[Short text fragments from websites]
---
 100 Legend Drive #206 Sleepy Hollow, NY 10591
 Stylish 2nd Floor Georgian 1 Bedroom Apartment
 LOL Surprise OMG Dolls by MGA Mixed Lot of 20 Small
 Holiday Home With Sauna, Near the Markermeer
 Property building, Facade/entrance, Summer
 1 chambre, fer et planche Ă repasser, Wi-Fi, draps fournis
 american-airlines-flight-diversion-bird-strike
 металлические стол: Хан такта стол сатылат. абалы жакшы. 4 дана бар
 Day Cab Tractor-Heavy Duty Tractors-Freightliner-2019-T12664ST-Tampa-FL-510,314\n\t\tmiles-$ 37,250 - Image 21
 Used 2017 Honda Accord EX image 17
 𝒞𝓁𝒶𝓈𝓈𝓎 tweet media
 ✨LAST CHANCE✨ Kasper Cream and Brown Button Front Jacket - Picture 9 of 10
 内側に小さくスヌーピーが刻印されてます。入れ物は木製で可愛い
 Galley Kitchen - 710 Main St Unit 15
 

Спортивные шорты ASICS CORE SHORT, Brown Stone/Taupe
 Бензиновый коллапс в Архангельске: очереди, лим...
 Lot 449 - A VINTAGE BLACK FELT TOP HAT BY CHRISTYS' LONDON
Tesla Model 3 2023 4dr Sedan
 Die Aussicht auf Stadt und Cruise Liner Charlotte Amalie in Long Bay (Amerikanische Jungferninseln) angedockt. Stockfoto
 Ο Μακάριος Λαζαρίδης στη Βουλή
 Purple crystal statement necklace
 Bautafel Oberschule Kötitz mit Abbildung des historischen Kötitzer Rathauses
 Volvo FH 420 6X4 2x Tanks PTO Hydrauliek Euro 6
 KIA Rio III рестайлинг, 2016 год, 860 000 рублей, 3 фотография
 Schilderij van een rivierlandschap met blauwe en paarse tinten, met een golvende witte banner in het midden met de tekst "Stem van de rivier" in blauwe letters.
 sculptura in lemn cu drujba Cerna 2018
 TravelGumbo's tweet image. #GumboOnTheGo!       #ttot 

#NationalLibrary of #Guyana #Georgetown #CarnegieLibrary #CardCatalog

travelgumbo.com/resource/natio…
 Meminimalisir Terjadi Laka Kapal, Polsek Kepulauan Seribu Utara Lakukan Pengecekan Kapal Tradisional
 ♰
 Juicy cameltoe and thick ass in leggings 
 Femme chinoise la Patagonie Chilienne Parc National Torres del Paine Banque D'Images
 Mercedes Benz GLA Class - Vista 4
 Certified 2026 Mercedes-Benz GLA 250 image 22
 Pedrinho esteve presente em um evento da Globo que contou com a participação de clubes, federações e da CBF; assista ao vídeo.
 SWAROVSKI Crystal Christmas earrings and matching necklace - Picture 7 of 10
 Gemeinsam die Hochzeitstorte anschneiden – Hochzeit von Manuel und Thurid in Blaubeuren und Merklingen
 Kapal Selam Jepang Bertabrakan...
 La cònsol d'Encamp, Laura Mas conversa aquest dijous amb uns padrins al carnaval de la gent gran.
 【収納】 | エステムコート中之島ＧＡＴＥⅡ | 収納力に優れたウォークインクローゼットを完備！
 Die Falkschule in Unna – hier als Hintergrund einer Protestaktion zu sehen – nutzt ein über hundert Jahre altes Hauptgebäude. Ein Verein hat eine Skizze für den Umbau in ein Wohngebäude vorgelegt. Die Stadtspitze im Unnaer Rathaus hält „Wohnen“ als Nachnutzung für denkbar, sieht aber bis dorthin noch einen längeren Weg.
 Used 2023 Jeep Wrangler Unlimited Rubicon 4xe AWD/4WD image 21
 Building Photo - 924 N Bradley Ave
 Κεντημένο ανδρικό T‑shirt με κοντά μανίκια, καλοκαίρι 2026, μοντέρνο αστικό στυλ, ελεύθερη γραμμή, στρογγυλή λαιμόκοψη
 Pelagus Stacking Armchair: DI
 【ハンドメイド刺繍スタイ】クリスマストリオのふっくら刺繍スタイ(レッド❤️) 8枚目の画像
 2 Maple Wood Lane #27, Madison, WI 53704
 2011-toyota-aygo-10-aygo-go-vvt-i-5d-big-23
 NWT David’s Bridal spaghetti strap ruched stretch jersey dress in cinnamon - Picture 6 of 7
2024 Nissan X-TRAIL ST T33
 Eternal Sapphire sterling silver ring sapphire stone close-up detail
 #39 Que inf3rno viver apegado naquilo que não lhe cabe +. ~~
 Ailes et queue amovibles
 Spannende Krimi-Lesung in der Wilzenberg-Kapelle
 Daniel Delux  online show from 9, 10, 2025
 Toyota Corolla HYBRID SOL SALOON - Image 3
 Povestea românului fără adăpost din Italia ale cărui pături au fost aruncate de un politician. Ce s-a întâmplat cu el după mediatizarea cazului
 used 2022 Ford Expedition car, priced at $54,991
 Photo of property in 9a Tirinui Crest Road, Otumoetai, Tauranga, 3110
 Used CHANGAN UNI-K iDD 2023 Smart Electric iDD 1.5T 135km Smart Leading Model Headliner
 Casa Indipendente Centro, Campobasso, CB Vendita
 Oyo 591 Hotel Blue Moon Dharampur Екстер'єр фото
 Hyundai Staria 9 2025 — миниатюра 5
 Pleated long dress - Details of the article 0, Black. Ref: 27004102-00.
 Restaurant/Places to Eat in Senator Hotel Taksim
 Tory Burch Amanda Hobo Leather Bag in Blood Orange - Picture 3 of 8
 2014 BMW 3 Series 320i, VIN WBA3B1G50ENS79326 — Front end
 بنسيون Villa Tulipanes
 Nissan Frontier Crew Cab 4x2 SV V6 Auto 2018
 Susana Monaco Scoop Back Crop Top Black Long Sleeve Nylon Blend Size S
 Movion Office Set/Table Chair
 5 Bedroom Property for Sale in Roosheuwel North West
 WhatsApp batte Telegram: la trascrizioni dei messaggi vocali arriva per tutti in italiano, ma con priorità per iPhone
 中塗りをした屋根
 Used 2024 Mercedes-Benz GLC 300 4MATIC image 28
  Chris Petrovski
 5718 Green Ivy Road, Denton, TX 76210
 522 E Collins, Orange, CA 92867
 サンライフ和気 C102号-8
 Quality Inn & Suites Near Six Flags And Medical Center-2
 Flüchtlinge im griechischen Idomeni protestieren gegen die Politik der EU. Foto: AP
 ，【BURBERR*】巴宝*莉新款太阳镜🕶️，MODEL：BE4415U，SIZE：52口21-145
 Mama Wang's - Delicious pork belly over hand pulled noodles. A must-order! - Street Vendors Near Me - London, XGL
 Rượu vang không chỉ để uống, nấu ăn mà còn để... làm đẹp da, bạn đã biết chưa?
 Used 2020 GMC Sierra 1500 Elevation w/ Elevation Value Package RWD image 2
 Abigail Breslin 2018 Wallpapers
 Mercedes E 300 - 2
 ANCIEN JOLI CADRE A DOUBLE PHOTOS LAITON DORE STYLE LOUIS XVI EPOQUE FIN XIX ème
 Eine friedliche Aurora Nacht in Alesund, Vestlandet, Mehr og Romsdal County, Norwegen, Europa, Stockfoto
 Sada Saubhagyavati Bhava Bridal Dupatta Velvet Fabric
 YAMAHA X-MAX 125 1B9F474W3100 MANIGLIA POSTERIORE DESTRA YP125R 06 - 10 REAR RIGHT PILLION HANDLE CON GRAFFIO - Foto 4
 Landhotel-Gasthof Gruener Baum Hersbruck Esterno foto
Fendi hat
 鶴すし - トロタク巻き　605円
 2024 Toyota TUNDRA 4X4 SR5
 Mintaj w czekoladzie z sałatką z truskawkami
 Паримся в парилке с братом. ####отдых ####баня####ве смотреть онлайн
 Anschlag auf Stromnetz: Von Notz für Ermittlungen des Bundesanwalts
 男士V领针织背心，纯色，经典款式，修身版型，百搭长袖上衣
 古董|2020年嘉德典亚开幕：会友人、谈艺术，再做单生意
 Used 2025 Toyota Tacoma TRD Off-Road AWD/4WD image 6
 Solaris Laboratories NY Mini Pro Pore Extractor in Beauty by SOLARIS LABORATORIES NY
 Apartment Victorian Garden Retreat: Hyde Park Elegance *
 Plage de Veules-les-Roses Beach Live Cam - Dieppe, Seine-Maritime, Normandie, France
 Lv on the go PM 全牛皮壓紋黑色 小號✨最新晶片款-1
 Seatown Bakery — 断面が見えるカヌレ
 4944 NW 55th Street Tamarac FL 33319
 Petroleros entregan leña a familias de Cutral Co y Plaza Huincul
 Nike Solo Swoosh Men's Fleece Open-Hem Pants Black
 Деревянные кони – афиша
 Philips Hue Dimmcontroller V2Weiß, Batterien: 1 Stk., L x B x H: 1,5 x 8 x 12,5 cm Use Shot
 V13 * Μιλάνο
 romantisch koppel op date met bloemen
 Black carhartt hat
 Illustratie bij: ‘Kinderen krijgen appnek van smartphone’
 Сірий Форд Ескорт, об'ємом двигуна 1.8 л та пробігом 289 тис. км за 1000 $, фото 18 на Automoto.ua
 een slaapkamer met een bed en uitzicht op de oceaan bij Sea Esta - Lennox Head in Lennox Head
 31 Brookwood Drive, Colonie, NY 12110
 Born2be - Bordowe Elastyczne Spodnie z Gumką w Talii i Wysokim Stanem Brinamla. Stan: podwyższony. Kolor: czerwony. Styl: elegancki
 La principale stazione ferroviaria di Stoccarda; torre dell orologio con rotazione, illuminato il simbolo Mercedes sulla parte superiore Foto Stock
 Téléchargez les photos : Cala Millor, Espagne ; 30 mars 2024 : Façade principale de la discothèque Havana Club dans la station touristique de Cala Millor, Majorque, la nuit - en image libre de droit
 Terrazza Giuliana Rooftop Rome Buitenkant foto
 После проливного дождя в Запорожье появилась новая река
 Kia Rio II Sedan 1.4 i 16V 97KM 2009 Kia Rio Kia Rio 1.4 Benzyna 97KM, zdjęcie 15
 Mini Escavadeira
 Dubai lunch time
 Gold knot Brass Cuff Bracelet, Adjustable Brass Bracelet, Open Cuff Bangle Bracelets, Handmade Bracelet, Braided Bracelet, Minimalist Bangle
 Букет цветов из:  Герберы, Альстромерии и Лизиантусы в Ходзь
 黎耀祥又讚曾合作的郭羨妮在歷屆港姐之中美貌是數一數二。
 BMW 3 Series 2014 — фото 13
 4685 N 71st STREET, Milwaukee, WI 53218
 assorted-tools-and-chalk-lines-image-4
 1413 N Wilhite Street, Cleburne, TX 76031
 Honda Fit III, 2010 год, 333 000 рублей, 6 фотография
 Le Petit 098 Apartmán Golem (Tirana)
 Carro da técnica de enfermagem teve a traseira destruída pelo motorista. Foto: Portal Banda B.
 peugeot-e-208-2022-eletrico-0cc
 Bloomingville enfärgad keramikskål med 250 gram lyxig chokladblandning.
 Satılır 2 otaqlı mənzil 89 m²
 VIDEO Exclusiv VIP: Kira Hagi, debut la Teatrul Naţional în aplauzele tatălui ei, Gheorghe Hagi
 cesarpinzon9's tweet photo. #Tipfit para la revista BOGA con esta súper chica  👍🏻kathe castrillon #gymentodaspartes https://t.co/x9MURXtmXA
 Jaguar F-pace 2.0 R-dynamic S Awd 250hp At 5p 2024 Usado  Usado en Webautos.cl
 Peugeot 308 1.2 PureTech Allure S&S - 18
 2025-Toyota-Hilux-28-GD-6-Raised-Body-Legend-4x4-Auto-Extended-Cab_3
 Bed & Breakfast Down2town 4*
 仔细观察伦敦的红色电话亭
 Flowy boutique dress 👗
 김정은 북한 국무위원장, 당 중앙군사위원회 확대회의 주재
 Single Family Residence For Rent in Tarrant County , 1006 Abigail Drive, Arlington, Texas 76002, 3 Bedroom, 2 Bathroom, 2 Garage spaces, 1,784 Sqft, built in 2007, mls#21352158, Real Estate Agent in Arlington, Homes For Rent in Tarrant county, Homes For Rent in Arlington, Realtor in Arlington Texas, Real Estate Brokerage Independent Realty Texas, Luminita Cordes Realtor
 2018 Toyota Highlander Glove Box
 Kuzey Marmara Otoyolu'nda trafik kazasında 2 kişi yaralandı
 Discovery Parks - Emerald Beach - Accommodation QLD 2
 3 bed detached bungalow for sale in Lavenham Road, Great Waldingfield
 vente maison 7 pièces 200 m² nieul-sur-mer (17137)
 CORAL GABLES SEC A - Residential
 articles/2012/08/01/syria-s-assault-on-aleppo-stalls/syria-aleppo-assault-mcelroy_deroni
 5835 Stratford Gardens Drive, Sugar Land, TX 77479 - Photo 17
---
EXERCISE INSTRUCTIONS
Which lines should be output? Exactly those from the first line of the data through the line containing "KIA Rio III", inclusive.

FINAL ANSWER
 100 Legend Drive #206 Sleepy Hollow, NY 10591
 Stylish 2nd Floor Georgian 1 Bedroom Apartment
 LOL Surprise OMG Dolls by MGA Mixed Lot of 20 Small
 Holiday Home With Sauna, Near the Markermeer
 Property building, Facade/entrance, Summer
 1 chambre, fer et planche Ă repasser, Wi-Fi, draps fournis
 american-airlines-flight-diversion-bird-strike
 металлические стол: Хан такта стол сатылат. абалы жакшы. 4 дана бар
 Day Cab Tractor-Heavy Duty Tractors-Freightliner-2019-T12664ST-Tampa-FL-510,314\n\t\tmiles-$ 37,250 - Image 21
 Used 2017 Honda Accord EX image 17
 𝒞𝓁𝒶𝓈𝓈𝓎 tweet media
 ✨LAST CHANCE✨ Kasper Cream and Brown Button Front Jacket - Picture 9 of 10
 内側に小さくスヌーピーが刻印されてます。入れ物は木製で可愛い
 Galley Kitchen - 710 Main St Unit 15
 

Спортивные шорты ASICS CORE SHORT, Brown Stone/Taupe
 Бензиновый коллапс в Архангельске: очереди, лим...
 Lot 449 - A VINTAGE BLACK FELT TOP HAT BY CHRISTYS' LONDON
Tesla Model 3 2023 4dr Sedan
 Die Aussicht auf Stadt und Cruise Liner Charlotte Amalie in Long Bay (Amerikanische Jungferninseln) angedockt. Stockfoto
 Ο Μακάριος Λαζαρίδης στη Βουλή
 Purple crystal statement necklace
 Bautafel Oberschule Kötitz mit Abbildung des historischen Kötitzer Rathauses
 Volvo FH 420 6X4 2x Tanks PTO Hydrauliek Euro 6
 KIA Rio III рестайлинг, 2016 год, 860 000 рублей, 3 фотография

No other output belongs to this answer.